*DESCRIPTION OF THE TASK:*
Using the listing below, please print exactly the lines from the one with "Bushwood. A Tribute" through the one with "首页 - AI Excel Bot". Leave out every picture.

*DATA SHOWN:*
###
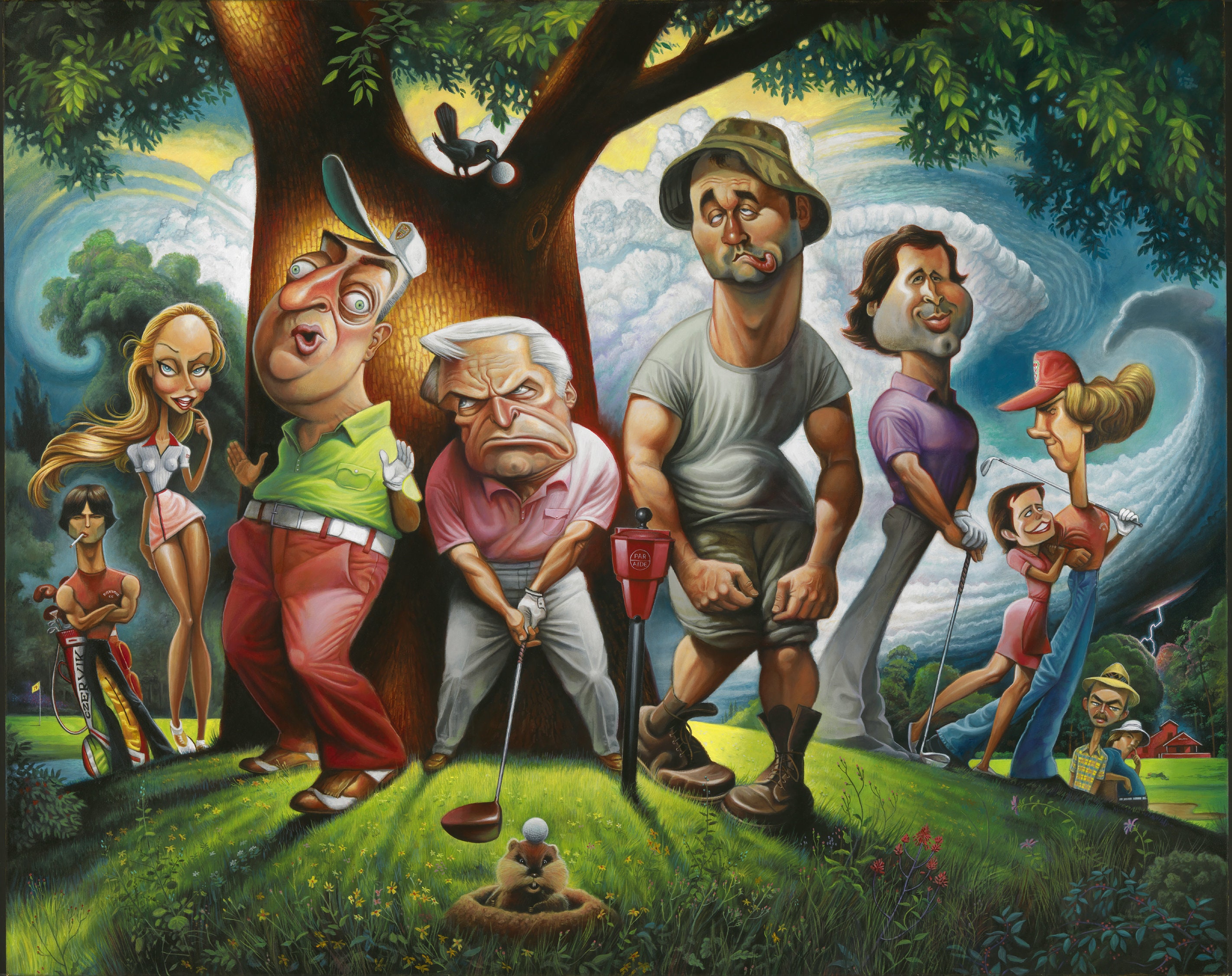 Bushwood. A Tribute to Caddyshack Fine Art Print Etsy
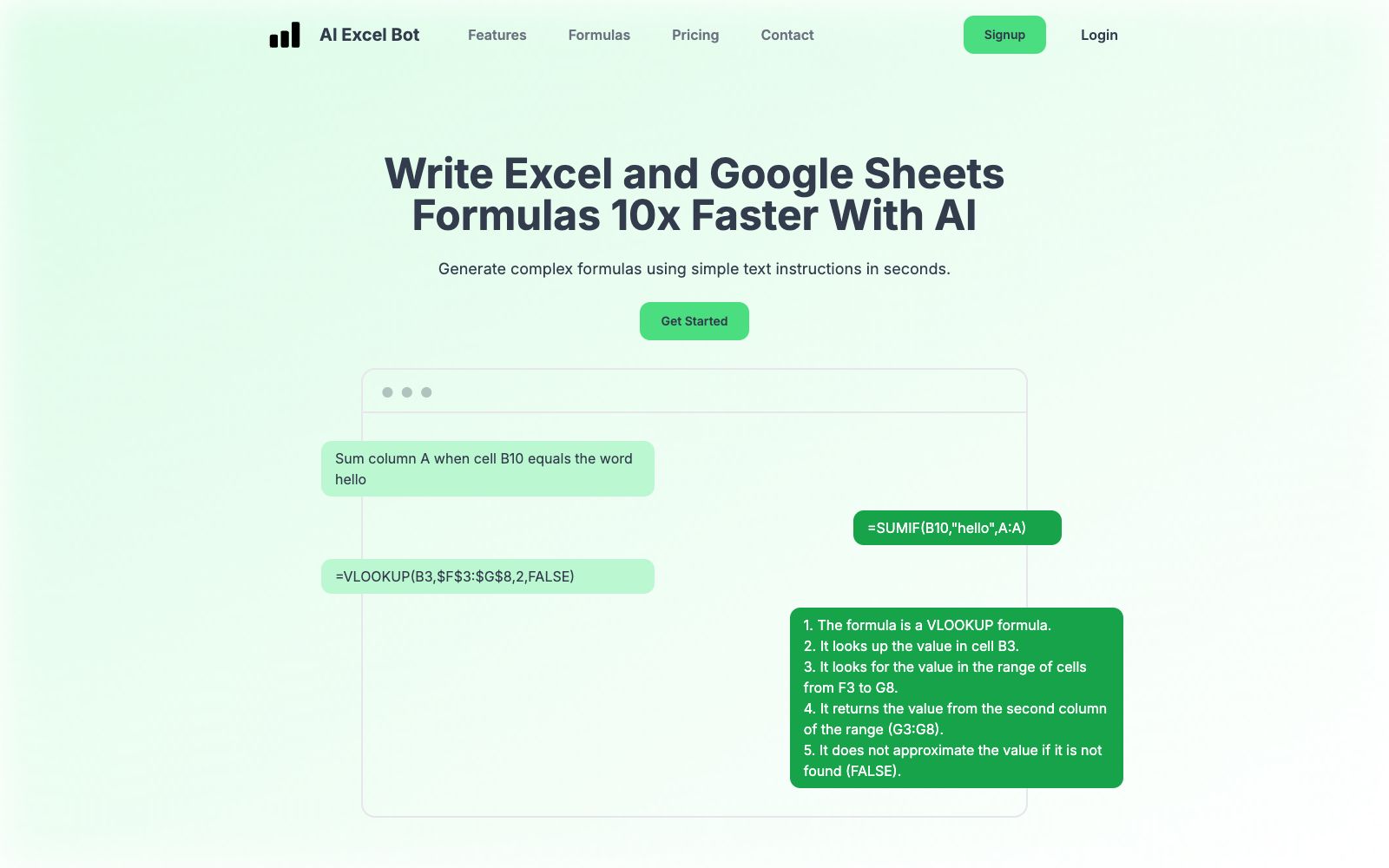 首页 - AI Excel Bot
###
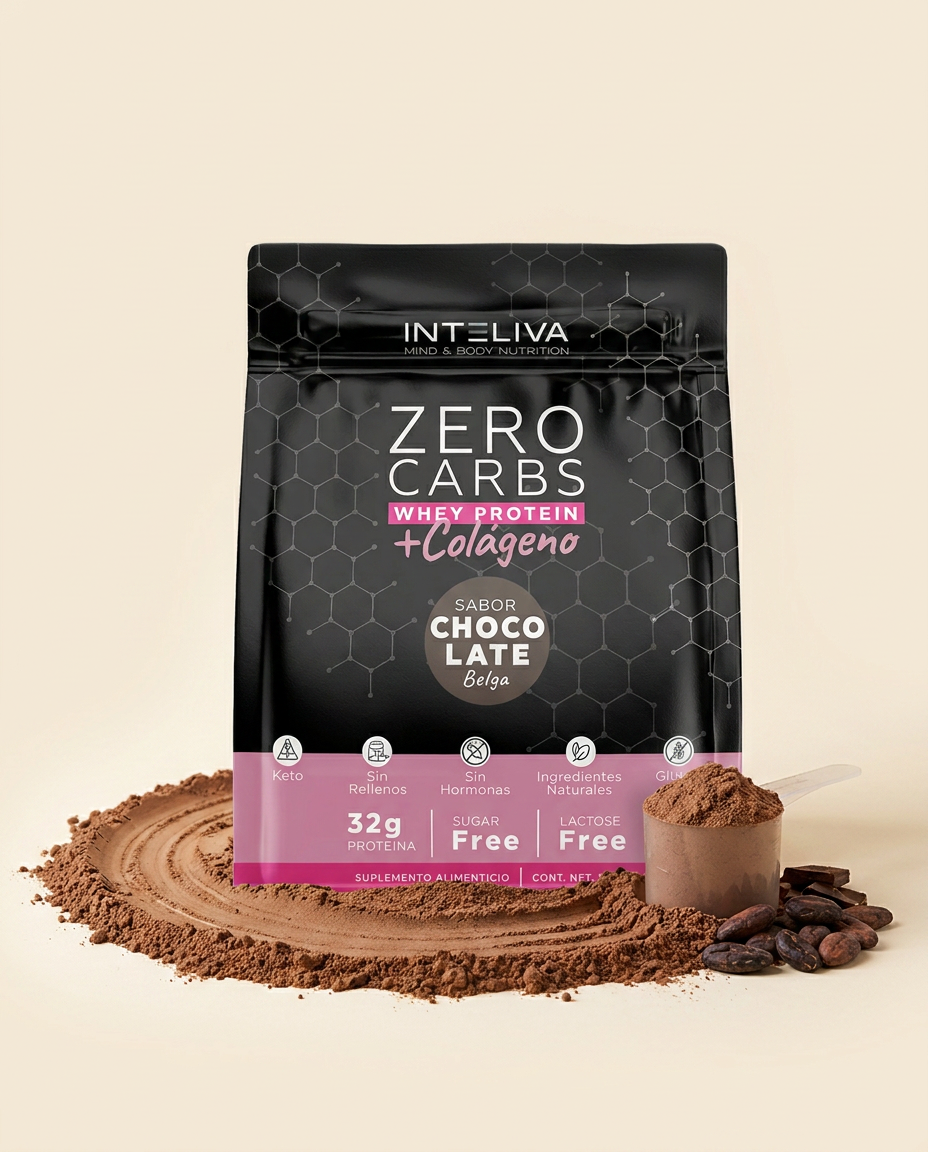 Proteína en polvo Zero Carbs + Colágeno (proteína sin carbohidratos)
###
*SOLUTION FOR THIS EXERCISE:*
 Bushwood. A Tribute to Caddyshack Fine Art Print Etsy
 首页 - AI Excel Bot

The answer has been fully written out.